▶ _TASK ITEM_
In the entries below, every line with the string "Seater" is to be reported.

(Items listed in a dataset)
-*-*-

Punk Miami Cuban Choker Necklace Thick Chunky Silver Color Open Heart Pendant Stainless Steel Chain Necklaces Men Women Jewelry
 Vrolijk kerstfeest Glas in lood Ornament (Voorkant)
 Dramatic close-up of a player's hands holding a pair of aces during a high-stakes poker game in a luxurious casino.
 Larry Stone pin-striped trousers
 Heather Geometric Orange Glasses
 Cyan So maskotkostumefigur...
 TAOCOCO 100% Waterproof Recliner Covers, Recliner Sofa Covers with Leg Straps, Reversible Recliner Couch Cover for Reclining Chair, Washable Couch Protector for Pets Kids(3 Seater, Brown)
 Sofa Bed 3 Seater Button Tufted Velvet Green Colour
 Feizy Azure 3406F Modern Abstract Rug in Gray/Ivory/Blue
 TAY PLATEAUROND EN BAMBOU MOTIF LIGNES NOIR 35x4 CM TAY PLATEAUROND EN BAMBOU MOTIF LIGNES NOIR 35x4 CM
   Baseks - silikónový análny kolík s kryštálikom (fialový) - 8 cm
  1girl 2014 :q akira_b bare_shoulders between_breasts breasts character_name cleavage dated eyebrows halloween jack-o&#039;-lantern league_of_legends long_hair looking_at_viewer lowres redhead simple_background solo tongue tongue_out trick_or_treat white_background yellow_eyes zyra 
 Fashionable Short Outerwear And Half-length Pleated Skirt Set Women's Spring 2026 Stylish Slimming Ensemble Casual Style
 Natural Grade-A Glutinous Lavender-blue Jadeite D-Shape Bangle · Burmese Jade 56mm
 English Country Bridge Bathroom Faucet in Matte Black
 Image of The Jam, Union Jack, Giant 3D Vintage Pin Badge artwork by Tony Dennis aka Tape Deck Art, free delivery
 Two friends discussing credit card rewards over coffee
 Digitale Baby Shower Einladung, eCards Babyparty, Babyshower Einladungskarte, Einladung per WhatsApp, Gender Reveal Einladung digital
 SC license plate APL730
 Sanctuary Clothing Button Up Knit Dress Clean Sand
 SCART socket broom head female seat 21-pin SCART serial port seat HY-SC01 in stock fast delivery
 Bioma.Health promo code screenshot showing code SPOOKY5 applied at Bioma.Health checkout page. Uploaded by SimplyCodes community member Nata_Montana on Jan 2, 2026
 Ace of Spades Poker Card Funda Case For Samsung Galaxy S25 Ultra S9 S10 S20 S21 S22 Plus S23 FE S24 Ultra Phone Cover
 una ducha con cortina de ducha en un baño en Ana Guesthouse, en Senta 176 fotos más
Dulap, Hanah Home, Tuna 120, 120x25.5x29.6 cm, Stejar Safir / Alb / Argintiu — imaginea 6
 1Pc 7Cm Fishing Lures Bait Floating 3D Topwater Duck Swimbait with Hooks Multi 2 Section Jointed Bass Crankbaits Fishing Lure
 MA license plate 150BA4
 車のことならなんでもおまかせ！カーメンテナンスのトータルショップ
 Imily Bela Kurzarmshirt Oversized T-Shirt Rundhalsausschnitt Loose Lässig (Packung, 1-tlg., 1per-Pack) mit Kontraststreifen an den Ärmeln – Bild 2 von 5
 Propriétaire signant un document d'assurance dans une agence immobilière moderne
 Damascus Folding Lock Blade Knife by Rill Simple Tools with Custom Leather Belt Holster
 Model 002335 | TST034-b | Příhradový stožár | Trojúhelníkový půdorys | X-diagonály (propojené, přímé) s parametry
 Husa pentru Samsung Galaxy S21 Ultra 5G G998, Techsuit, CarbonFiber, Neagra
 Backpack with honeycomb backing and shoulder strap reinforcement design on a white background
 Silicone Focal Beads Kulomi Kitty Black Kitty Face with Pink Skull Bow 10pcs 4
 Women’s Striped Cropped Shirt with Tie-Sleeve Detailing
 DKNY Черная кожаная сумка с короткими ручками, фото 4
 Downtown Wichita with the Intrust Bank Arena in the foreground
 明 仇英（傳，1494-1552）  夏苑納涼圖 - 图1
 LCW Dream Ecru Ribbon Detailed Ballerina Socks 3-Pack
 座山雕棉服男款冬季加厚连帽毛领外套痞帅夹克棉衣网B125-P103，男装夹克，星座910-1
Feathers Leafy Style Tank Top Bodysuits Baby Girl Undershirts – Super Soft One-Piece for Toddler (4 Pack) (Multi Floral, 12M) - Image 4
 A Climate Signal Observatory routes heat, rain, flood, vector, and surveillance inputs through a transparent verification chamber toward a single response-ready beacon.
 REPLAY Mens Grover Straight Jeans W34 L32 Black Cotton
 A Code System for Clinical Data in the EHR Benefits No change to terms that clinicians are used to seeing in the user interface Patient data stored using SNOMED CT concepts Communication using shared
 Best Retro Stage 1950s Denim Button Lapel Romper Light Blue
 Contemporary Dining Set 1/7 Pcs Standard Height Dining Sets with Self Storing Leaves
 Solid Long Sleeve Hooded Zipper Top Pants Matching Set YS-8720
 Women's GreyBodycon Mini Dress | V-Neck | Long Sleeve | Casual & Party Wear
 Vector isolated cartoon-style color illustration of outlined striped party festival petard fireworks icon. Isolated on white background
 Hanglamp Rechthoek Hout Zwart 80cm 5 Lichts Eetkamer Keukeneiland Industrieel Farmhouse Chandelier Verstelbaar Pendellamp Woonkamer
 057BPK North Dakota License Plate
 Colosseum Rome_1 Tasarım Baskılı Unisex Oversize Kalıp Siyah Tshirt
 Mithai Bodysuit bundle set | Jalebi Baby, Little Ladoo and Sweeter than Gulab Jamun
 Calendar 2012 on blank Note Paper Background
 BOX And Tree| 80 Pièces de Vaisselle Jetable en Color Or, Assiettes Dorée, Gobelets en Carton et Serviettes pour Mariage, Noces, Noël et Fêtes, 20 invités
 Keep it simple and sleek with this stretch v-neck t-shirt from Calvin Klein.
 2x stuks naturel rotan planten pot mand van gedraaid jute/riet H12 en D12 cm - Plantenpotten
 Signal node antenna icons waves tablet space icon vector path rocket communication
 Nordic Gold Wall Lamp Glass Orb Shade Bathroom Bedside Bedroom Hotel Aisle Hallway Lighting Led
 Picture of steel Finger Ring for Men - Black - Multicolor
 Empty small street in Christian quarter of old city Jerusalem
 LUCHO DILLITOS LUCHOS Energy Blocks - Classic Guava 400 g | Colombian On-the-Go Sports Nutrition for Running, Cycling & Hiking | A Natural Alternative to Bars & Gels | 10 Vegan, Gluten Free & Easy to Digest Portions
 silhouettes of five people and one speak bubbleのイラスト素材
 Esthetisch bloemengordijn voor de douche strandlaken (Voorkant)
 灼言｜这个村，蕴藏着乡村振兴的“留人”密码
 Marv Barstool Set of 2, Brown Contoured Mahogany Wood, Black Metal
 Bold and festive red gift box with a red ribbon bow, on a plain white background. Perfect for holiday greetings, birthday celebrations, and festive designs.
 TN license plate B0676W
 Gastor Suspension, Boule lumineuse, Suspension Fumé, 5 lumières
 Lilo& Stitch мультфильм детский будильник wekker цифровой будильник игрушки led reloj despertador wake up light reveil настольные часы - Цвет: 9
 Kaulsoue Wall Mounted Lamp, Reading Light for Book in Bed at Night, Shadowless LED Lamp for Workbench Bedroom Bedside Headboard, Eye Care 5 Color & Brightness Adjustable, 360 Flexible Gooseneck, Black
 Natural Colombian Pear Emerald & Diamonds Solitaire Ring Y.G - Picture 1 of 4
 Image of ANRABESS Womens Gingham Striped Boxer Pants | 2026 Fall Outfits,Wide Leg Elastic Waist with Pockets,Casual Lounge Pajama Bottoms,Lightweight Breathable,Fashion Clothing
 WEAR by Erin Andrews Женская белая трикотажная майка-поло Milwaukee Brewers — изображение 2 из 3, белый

-*-*-

▶ _RESPONSE TO THIS TASK_
 TAOCOCO 100% Waterproof Recliner Covers, Recliner Sofa Covers with Leg Straps, Reversible Recliner Couch Cover for Reclining Chair, Washable Couch Protector for Pets Kids(3 Seater, Brown)
 Sofa Bed 3 Seater Button Tufted Velvet Green Colour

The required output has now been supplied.